The Bull Case: Could Bitcoin Still Bottom in February-March?

Not all analysts align with Benjamin Cowen’s pessimism. Pav Hundal from Swyftx presents a contrarian setup: “We’re right on the cusp of where we’d traditionally expect to see re-risking back into Bitcoin.” His analysis hinges on a historical pattern: Bitcoin bottoms typically lag gold’s strength by approximately 14 months. Using this model, the potential bottom lands in February or March 2026—precisely where we are now.

“If history repeats, and it is a big if, the gold-Bitcoin dynamic points to a potential BTC bottom forming over the next 40 days,” Hundal suggests. Bitwise’s Andre Dragosch adds credibility to the bullish setup, noting that Bitcoin is currently “trading at a steep discount to gold.” He characterizes such setups as “very rare,” positioning Q1 2026 as a potential inflection point.
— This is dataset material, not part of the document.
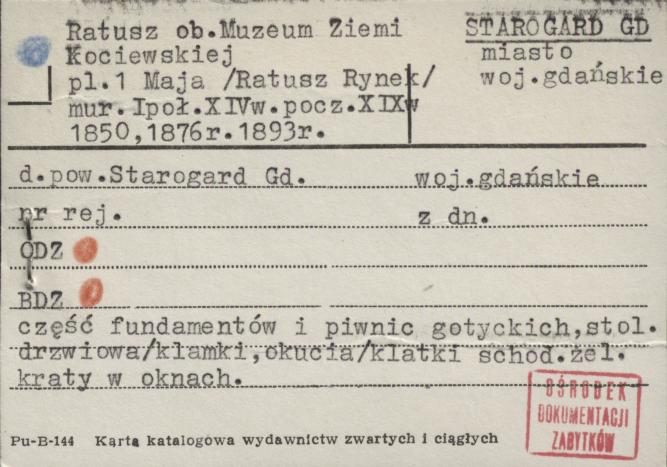 ratusz ob. Muzeum Ziemi Kociewskiej, skan 1
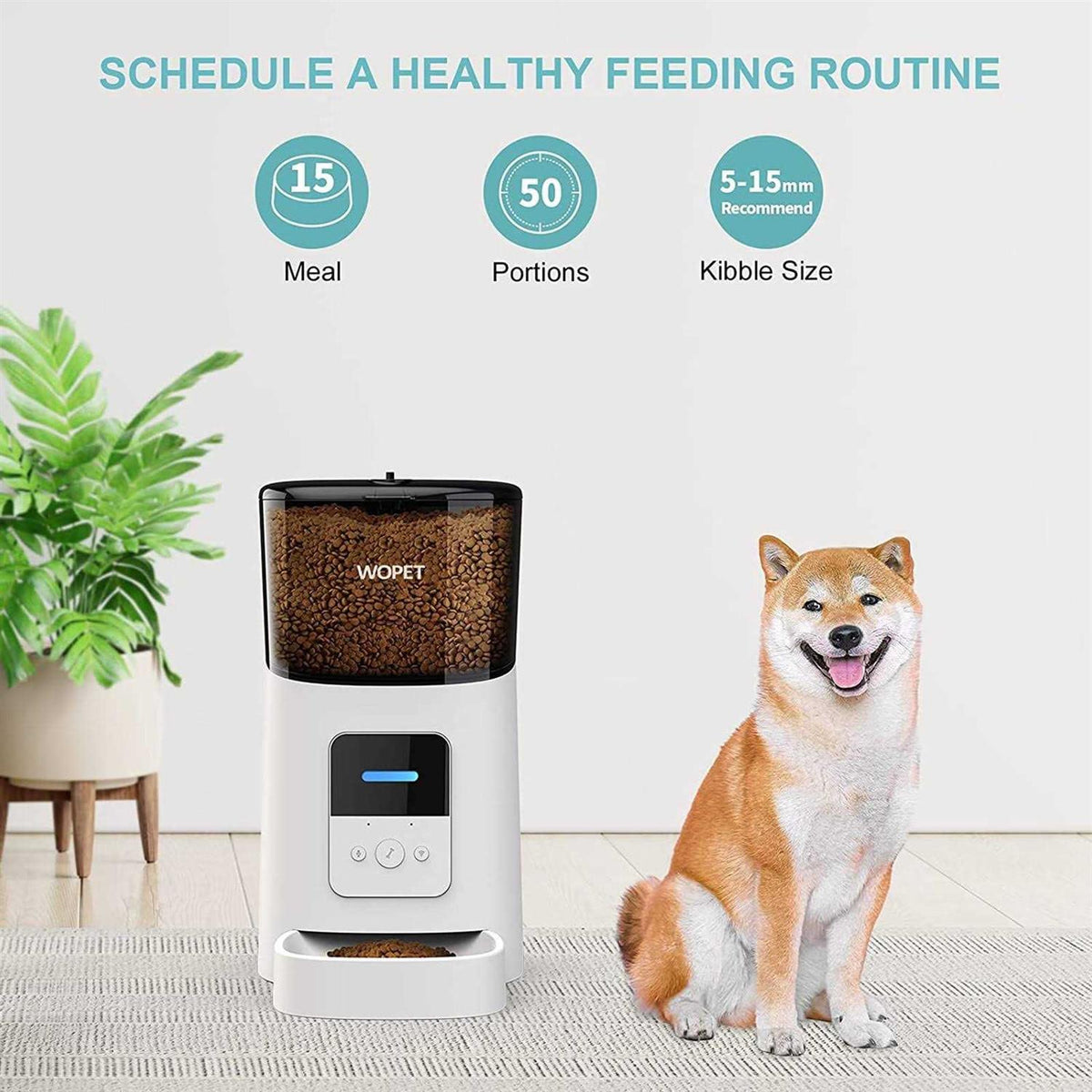 Automatic Wi-Fi Smart Cat Food Dispenser T83196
The critical difference: While Benjamin Cowen focuses on what Bitcoin isn’t doing (acting as a safe haven), these optimists focus on what history suggests it could do (recover as risk appetite normalizes).

The Current Reality: Bitcoin Trading Like Tech, Not Digital Gold

Here’s the uncomfortable truth both sides must confront: Bitcoin was supposed to be digital gold. A safe haven. An inflation hedge. Right now, it’s acting like a speculative tech asset that collapses when risk appetite fades. Gold is performing its historical role. Bitcoin isn’t.

This creates a binary outcome. Either the historical lag pattern plays out over the next 40 days and Benjamin Cowen’s bears get proven wrong, or the fundamental narrative of Bitcoin as a safe haven fails its first real stress test. The timeline is tight—we’ll know within weeks whether Hundal’s February-March bottom prediction holds or whether Cowen’s warnings about continued underperformance prove prophetic.

The market has given us a clear deadline. Either Bitcoin reclaims its role as a non-correlated hedge, or the entire bull thesis needs serious reconsideration.